▶ **Provided data**
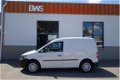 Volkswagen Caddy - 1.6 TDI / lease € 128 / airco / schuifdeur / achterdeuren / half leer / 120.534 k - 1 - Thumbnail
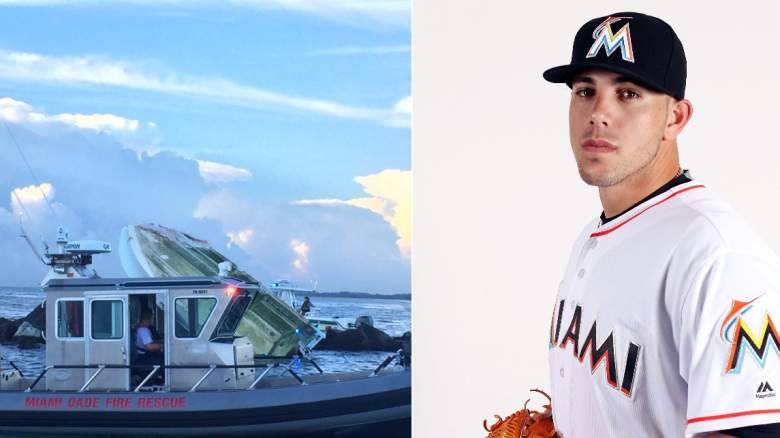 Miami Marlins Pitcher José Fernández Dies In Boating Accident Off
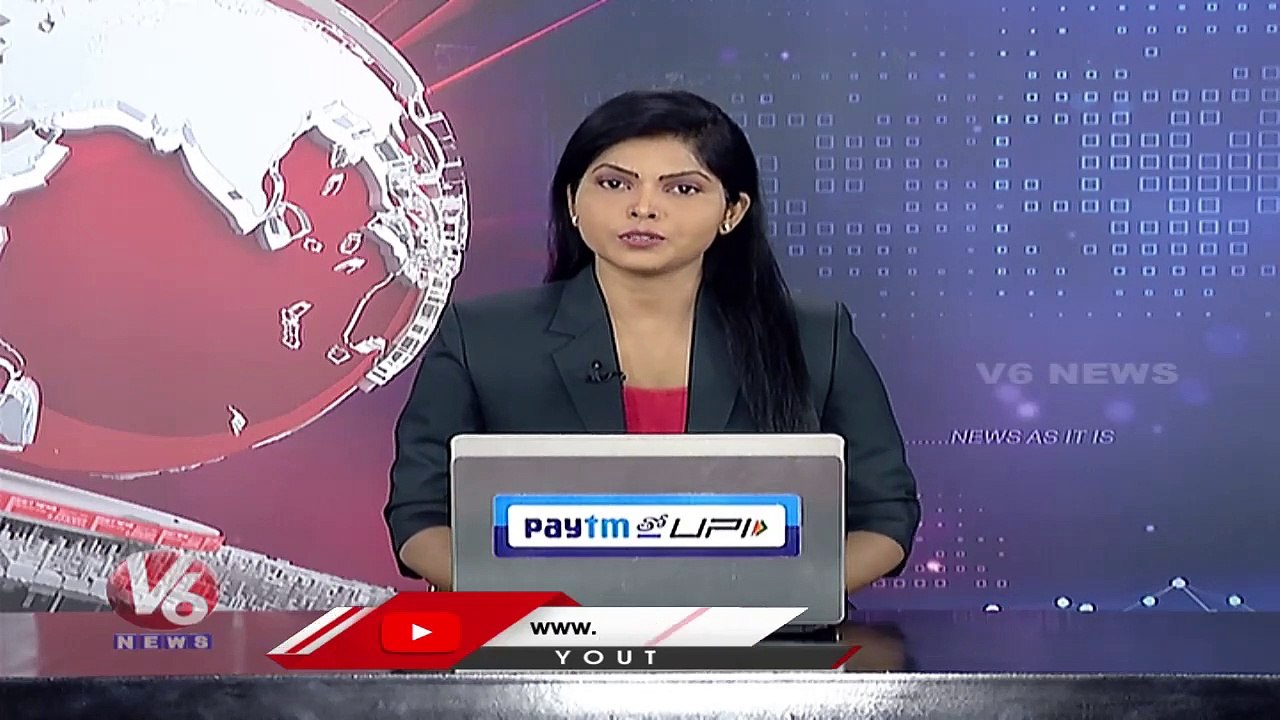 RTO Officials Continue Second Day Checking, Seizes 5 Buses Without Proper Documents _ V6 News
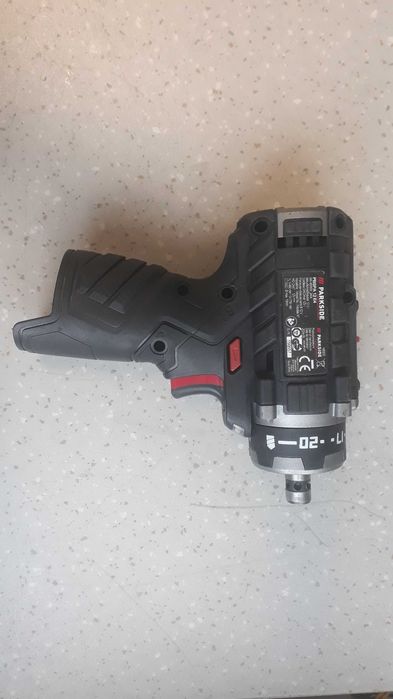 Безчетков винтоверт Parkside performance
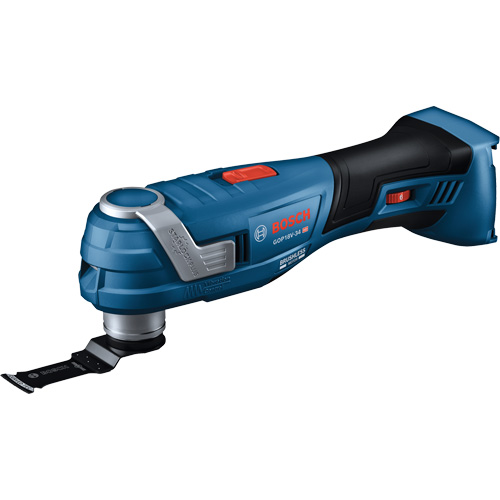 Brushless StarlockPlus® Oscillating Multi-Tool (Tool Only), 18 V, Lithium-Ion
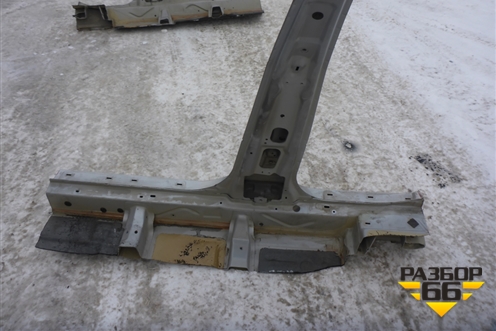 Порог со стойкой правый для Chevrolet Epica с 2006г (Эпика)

▶ **What you will do**
Retype only the lines that run from the first line of the entries above to the line containing "Brushless StarlockPlus® Oscillating", both included. Do not carry over any pictures.

▶ **Answer to the problem**
 Volkswagen Caddy - 1.6 TDI / lease € 128 / airco / schuifdeur / achterdeuren / half leer / 120.534 k - 1 - Thumbnail
 Miami Marlins Pitcher José Fernández Dies In Boating Accident Off
 RTO Officials Continue Second Day Checking, Seizes 5 Buses Without Proper Documents _ V6 News
 Безчетков винтоверт Parkside performance
 Brushless StarlockPlus® Oscillating Multi-Tool (Tool Only), 18 V, Lithium-Ion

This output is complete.